La mémoire et l’imagination humaines sont structurées par un grand flot d’histoires… Rapportées par des témoignages, ou vécues, ou révélées, ou patiemment reconstituées, ou interprétées et embellies, ou cryptées, ou prophétisées, ou seulement imaginées et inventées… Ce flot d’histoires, qui charrie vérité et mensonge, peurs ancestrales et espoirs récurrents, s’est d’abord perpétué par traditions orales, récits mouvants, puis s’est accumulé sous forme d’œuvres fixes, figées par l’écriture.
Les hommes divisent ces récits en trois domaines, sensés ne pas avoir le même degré de vérité, quant aux événements qu’ils relatent.
- Il y a ainsi les textes religieux, qui racontent des histoires anciennes plus ou moins réelles, souvent métaphoriques, mais dont la vérité supposée se trouve plutôt dans le sens symbolique, dans l’interprétation qu’en donnent les sages ou les mystiques illuminés.
- Il y a, en second, les chroniques et livres d’histoire, qui témoignent d’événements réels ou s’efforcent de les reconstituer selon des méthodes scientifiques à partir de diverses traces.
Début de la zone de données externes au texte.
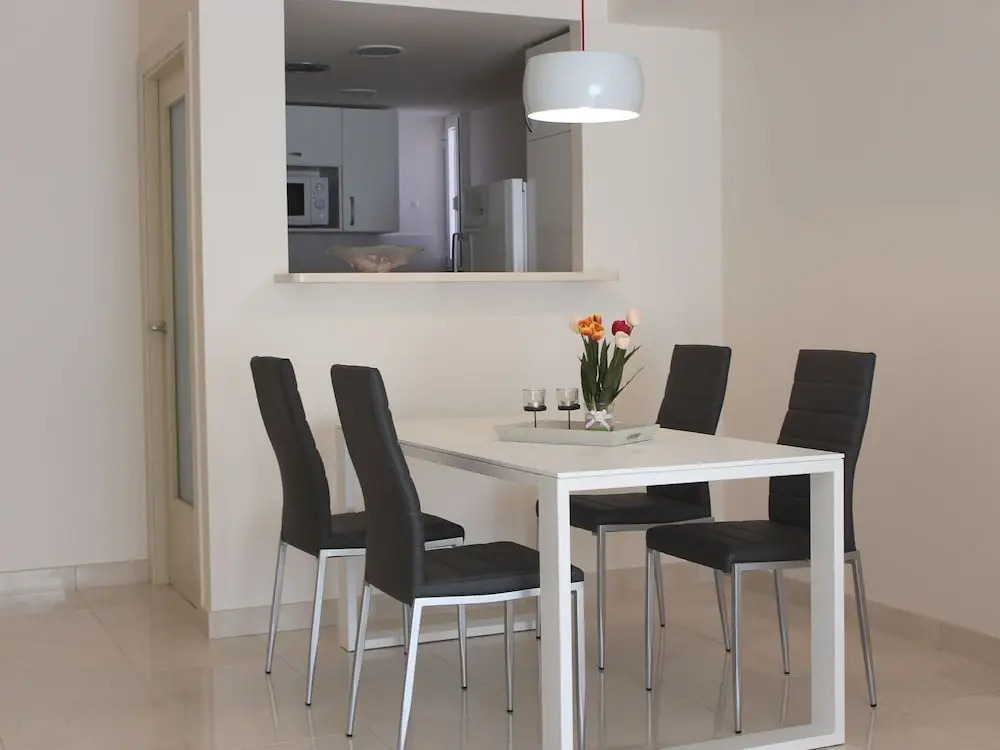 Quaint Apartment in Roses near Nova Sand Beach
Leur ensemble constitue la mémoire collective de chaque société.
- Il y a enfin les œuvres d’imagination, contes et romans, histoires inventées, dont le but est de distraire, mais aussi de faire réfléchir, ou même de faire connaître un contexte réel à travers le regard et les aventures de personnages créés de toutes pièces.
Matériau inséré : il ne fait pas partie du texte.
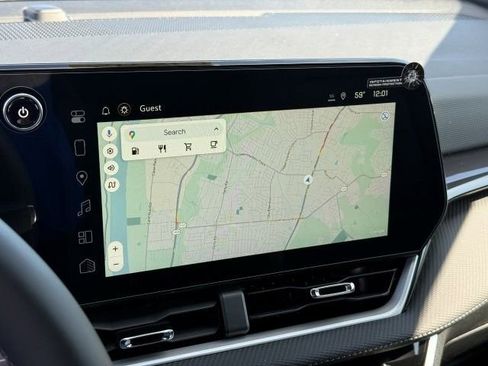 New 2026 Chevrolet Equinox LT w/ LPO, Floor Liner Package image 19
Les frontières entre ces trois genres ne sont pas si étanches qu’il y paraît à première vue. Ainsi la science historique, qui travaille sur la mémoire, directe ou transmise, et sur les traces des événements, est incapable de reconstituer tout ce qui n’a laissé aucune trace ; et les choses qui, en disparaissant, ne laissent aucune trace, représentent l’essentiel, peut-être 80% de la réalité d’une période historique donnée. On peut donc supposer que des historiens qui disposeraient d’autres récits et d’autres traces que celles qui ont été effectivement sauvées de l’oubli et transmises aux générations suivantes, reconstruiraient une histoire des civilisations et des hommes totalement différente de celle que nous connaissons ; elle n’en serait pas moins vraie. Ou tout aussi fausse. La vérité est qu’il faut bien admettre que toute vision globalisante du continuum historique comporte nécessairement une part importante de reconstructions hypothétiques, ou l’imaginaire joue un rôle de premier plan.
Notre mémoire collective, qui s’accorde sur un récit officiel et documenté de l’histoire, est donc aussi une sorte de récit mythologique. La principale différence avec les mythes anciens n’est pas sa vérité face à des billevesées (ou des contes de bonne femme, comme Michel Onfray qualifie les récits religieux) ; mais cette différence réside seulement dans le nombre beaucoup plus grand de faits et d’événements distincts intégrés dans le récit global de l’histoire, par rapports aux récits mythologiques, qui intègrent sans doute moins d’histoires particulières, et qui les synthétisent à travers des personnages princeps, en quelque sorte transhistoriques.
Quant aux romans et contes, qui revendiquent leur caractère imaginaire, il arrive certainement souvent qu’ils se rapprochent d’histoires réelles restées inconnues ; ils ne sont donc pas mensonges face à la vérité de l’histoire, mais expression intuitive de vérités erratiques, non situées par un témoignage ou une trace historique avérée.
Tout cela pour dire que la distance entre le rêve et la réalité n’est pas aussi grande que notre esprit rationnel voudrait nous le faire croire.